Et surtout leurs valeurs. Des valeurs que ces classes moyennes réaffirment sans jamais varier d’un pouce, depuis toujours – en tout cas depuis 2007, l’année où nous avons commencé à dialoguer avec elles. Respect de l’autre, liberté, patrimoine, famille, solidarité, amour de ce qui fait l’unicité et la beauté d’une certaine idée de la vie… Le pouvoir d’influence de ces Français qui résistent envers et contre tout aux difficultés, aux crises, aux tensions, à la mondialisation, c’est aussi et c’est peut-être surtout de ne pas bouger sur l’essentiel et de savoir, année après année, y rester fidèles. Et faire comprendre aux marques que si elles veulent continuer à leur parler, à en être écoutées, elles doivent non seulement respecter mais partager ces valeurs. « Dans une société profondément divisée sur de nombreux sujets, je pense que c’est bien que les marques communiquent sur des sujets qui nous rassemblent, qui nous font sourire ou qui nous rappellent de bons souvenirs. » Pour aider ces Français à résister aux vicissitudes de l’époque et à sa violence. Pour aider ces Français à perdurer dans ce qui fait pour eux la France, dans ce que signifie non seulement être français mais être de France, comme disait Saint-Exupéry.

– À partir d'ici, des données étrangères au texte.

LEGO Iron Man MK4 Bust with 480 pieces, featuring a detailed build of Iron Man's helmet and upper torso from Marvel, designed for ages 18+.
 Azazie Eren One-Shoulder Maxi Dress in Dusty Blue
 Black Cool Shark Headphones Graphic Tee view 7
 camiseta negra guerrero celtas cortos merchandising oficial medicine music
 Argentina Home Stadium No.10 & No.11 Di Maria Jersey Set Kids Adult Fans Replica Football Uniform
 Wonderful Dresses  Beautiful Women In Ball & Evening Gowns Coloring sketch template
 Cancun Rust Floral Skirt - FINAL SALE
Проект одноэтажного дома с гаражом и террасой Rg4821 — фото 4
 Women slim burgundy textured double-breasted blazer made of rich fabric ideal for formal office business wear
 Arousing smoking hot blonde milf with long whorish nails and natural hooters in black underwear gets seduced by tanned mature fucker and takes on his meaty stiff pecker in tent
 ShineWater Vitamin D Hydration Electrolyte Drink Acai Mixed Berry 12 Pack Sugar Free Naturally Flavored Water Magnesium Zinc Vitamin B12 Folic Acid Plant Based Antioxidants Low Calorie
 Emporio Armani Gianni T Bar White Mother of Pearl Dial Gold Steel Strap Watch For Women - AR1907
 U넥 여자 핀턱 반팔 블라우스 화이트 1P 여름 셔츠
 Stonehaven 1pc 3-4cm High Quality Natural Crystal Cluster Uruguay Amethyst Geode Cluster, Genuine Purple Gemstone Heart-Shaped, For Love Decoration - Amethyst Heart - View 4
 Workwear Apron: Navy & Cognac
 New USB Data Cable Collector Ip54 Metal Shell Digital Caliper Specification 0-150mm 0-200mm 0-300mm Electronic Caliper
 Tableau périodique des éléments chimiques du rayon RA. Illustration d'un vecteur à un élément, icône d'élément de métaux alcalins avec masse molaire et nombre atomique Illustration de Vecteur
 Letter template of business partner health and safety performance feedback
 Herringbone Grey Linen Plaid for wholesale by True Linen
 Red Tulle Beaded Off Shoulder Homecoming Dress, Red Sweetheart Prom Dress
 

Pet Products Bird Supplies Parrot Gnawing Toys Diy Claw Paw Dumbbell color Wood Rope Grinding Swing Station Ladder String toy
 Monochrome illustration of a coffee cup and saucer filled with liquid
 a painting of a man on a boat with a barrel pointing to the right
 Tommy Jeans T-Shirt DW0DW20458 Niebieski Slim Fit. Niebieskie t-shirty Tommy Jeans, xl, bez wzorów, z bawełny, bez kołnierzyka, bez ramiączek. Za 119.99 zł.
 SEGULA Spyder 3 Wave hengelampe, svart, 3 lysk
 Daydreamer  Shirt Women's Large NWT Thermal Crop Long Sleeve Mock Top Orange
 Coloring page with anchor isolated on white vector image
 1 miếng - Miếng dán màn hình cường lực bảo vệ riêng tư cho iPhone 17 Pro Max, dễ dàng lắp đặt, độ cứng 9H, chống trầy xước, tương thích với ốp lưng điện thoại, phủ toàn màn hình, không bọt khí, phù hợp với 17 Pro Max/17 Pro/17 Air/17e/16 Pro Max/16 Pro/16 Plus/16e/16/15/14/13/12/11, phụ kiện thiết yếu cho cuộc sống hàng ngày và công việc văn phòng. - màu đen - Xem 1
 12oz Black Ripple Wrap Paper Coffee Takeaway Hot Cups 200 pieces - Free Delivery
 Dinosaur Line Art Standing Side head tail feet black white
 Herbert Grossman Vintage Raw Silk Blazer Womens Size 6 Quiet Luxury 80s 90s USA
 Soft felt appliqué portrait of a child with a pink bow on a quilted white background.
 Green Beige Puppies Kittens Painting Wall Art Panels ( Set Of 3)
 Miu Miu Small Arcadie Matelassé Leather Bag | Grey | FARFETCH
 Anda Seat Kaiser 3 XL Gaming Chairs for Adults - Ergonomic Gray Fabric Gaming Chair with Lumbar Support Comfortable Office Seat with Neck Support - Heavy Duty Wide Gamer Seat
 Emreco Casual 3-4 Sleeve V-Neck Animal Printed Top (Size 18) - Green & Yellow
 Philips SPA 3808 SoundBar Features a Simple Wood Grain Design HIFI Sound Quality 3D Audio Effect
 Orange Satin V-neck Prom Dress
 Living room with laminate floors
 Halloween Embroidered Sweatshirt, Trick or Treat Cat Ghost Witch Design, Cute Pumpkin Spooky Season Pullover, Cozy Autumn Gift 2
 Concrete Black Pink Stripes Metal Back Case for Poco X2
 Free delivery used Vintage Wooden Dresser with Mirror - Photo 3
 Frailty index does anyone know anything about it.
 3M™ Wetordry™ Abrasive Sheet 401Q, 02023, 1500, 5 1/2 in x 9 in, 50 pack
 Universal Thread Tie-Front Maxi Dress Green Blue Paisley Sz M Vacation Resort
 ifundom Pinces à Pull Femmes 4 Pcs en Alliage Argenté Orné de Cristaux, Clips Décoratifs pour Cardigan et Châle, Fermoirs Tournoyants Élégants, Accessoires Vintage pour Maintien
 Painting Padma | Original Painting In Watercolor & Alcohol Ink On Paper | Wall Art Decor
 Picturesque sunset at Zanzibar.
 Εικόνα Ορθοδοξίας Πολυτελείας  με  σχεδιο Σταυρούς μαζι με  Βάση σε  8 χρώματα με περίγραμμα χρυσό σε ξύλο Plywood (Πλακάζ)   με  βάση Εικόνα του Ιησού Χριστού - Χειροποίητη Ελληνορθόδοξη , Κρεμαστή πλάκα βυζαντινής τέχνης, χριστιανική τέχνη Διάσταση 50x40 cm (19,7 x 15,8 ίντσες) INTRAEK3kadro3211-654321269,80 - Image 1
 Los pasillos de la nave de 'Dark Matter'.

Pour répondre, aussi, à leur volonté de voir le made in France devenir une nouvelle excellence française, autant que la préservation d’un patrimoine matériel et immatériel commun. Pour les rendre si ce n’est « heureux comme Dieu en France », comme on dit en Allemagne, mais simplement fiers de ce qu’ils sont capables de réaliser et de vivre ensemble. C’est une mission qu’ils confient aussi aux marques et aux entreprises. « J’attends beaucoup des entreprises qui vendent des produits ou services en France. Je souhaiterais qu’elles soient là comme l’État a été là pour elles… Qu’elles jouent leur rôle dans l’économie française. Qu’elles utilisent des matières premières, qu’elles rapatrient leur production en France. On sait faire. Les sociétés et surtout les consommateurs peuvent changer et créer la société de demain. » Une mission exigeante mais aussi magnifique – « magnifique », le mot qu’ils utilisent si volontiers pour décrire leur cher et vieux pays, aujourd’hui comme hier.
*Toutes les citations sont extraites de posts de L’Observatoire FreeThinking des classes moyennes.